My 17 year old son has informed me that this year, for firearm deer season, he would like to go out on state land, near our home, and rifle hunt with some of his friends instead of being "watched" by me. I was wondering if this is legal. I know he has to buy the adult license this year and that he doesn't have to be supervised, but my question pertains more to the "under 18" thing about him carrying and transporting a firearm on his person and in his vehicle. Can I just let him grab his gun and go out?


----------



## Guest (Nov 6, 2002)

Yes, he's free to go.


----------



## boehr (Jan 31, 2000)

Legal with a longarm.


----------



## DartonShooter (Oct 26, 2001)

Thanks guys!


----------



## Guest (Nov 7, 2002)

boehr

Isn't it illegal for anyone under 18 to possess a firearm without the supervision of an adult? Would a 17 year-old that was hunting alone be violating one of our many gun laws? Wouldn't it be illegal for him to transport the firearm?


----------



## boehr (Jan 31, 2000)

750.234f Possession of firearm by person less than 18 years of age; exceptions; violation as misdemeanor; penalty.

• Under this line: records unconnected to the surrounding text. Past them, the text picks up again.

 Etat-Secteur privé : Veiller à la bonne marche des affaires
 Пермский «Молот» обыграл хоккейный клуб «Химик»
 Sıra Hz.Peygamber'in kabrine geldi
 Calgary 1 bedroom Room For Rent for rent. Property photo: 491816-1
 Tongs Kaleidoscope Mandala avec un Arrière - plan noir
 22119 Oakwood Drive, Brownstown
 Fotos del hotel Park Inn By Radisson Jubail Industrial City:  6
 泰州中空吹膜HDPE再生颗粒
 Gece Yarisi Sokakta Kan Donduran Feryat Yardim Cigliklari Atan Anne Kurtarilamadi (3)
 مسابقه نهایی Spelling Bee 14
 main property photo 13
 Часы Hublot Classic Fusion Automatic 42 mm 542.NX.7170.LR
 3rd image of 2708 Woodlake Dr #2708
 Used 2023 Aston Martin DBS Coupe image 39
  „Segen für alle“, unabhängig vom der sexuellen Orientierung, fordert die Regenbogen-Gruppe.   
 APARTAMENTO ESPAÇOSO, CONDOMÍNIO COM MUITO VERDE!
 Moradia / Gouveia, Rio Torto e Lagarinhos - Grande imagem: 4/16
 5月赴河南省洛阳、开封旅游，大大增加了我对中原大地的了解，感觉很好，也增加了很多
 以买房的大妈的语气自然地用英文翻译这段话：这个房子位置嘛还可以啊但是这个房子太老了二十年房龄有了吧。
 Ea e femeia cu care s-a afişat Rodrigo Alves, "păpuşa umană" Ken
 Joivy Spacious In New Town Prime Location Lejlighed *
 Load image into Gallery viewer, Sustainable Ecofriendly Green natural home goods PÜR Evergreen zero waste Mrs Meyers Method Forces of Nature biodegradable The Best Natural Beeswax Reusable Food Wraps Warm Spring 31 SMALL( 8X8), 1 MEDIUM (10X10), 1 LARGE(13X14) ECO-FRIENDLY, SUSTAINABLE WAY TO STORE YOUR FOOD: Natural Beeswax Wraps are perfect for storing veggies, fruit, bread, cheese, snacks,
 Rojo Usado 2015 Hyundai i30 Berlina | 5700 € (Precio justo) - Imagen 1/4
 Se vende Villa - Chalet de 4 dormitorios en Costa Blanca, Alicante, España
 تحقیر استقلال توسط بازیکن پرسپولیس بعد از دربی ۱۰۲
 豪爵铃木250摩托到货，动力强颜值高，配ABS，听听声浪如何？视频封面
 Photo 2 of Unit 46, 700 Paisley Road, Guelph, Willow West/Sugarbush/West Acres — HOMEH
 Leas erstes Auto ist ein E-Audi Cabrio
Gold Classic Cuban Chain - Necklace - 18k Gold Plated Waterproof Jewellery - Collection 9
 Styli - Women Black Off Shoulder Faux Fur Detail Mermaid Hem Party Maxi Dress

Sec. 234f. (1) Except as provided in subsection (2), an individual less than 18 years of age shall not possess a firearm in public except under the direct supervision of an individual 18 years of age or older.
*(2) Subsection (1) does not apply to an individual less than 18 years of age who possesses a firearm in accordance with part 401 (wildlife conservation) of the natural resources and environmental protection act, Act No. 451 of the Public Acts of 1994, being sections 324.40101 to 324.40119 of the Michigan Compiled Laws, or part 435 (hunting and fishing licensing) of Act No. 451 of the Public Acts of 1994, being sections 324.43501 to 324.43561 of the Michigan Compiled Laws. However, an individual less than 18 years of age may possess a firearm without a hunting license while at, or going to or from, a recognized target range or trap or skeet shooting ground if, while going to or from the range or ground, the firearm is enclosed and securely fastened in a case or locked in the trunk of a motor vehicle.*
(3) An individual who violates this section is guilty of a misdemeanor, punishable by imprisonment for not more than 90 days, or a fine of not more than $100.00, or both.


----------



## Guest (Nov 7, 2002)

Thanks for clearing that up for me.


----------



## dugfish (Jan 11, 2002)

when i grow up i want to be just like Boehr


----------



## boehr (Jan 31, 2000)

dugfish...I wouldn't wish that on nobody.


----------



## Mags (Apr 10, 2002)

boehr,

In all sincerity, I wish we knew how to convey to you the gratitude for all your time and energy to this site. We may not always like or understand the rules that govern us, but your effort to explain and educate us in what are in fact the laws and regulations governing sportsmen is valued immeasureably. Your knowledge and information resources enrich us all! Thank You!


----------